エメラルド・エンゲージ〜罪の葉陰〜

『あいつ、死んだんだ』

『 気が触れて店に出れなくなって、最後は自分で首くくっちまったらしい』

『あのまま死ねればよかったのに、誰かさんが生き返らせたせいでまた地獄に逆戻りだ、もう耐えられない―――
とか何とか、恨み言もずいぶんもらして―――』


アラキさんの口から告げられた、私が「花の庭」を離れてからのミズホねえさんのこと。

その、信じられない内容。

いまだに受け止めることを心が拒否してる。


だって、ねえさんが死んだなんて―――



……私の力で病気から回復したあと、ねえさんは私に冷たくなった。

何も話してはくれなかったけど、私はねえさんの意思に反することをしてしまったんだという察しはついた。

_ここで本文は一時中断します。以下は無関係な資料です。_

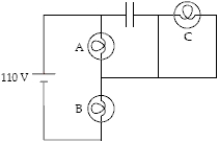 <strong>Which of the identical light bulb(s)is(are)brightest when the capacitor has half its maximum charge? </strong> A)A B)B C)C D)A and B E)All three are equally bright.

悲しくてつらくて、もう二度とそんな思いをしたくなくて、
私は『花の庭』を去る時に、これからは誰にも愛してほしいなんて願わないと決めた。

でも、ねえさんに力を使ったことを後悔したことはなかった。

ねえさんだって、心の底では私に感謝しているはずだと信じて疑わなかった。

命が助かって嬉しくない人なんていないはずだって。